Not only did opposition leader Amada Barrow commit himself to bringing charges against his predecessor within a year, but his team explicitly rejected “softer” alternatives such as allowing Jammeh to go into exile. Unsurprisingly, this news dampened the president’s enthusiasm to hand over power, and he rapidly backtracked on his earlier announcement, triggering a full-blown political crisis.
Ultimately, it was only the intervention of regional governments, backed up by troops, which forced Jammeh to relinquish his claim on the presidency. The message for opposition leaders is clear: if you do intend to prosecute someone in the outgoing regime, don’t mention it until you are already in power.
Twelve months to come
If recent experience is any indication, the next twelve months are likely to be characterised by intense political contestation between increasingly innovative and well-organised opposition parties on the one hand, and governments determined to hold on to power at any cost on the other.
The future of democracy in Africa will depend on how these struggles play out, and on whether international and regional bodies are willing to intervene to keep authoritarian leaders in check. However, it would be unwise to extrapolate from the intervention of ECOWAS forces in Gambia that a robust new norm in favour of free and fair elections is emerging at the regional level.

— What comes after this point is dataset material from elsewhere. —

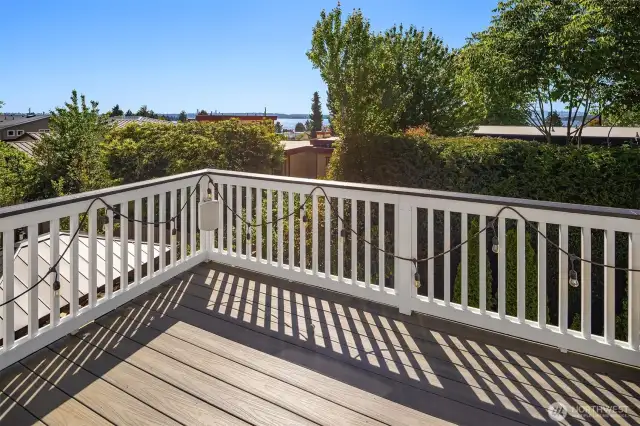 Step outside onto your private deck, what a place to enjoy your morning coffee!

Gambia is a small and economically weak state with limited military capacity that, until recently, was led by a president with few friends on the continent. Regional players therefore found that intervention was both attractive and feasible. The same is unlikely to be true of other countries likely to experience democratic crises over the next few years such as the DRC and Zimbabwe, which have stronger security forces and more friends.
Nic Cheeseman is professor of democracy, University of Birmingham, the United Kingdom and author, ‘Democracy in Africa: Successes, Failures and the Struggle for Political Reform’.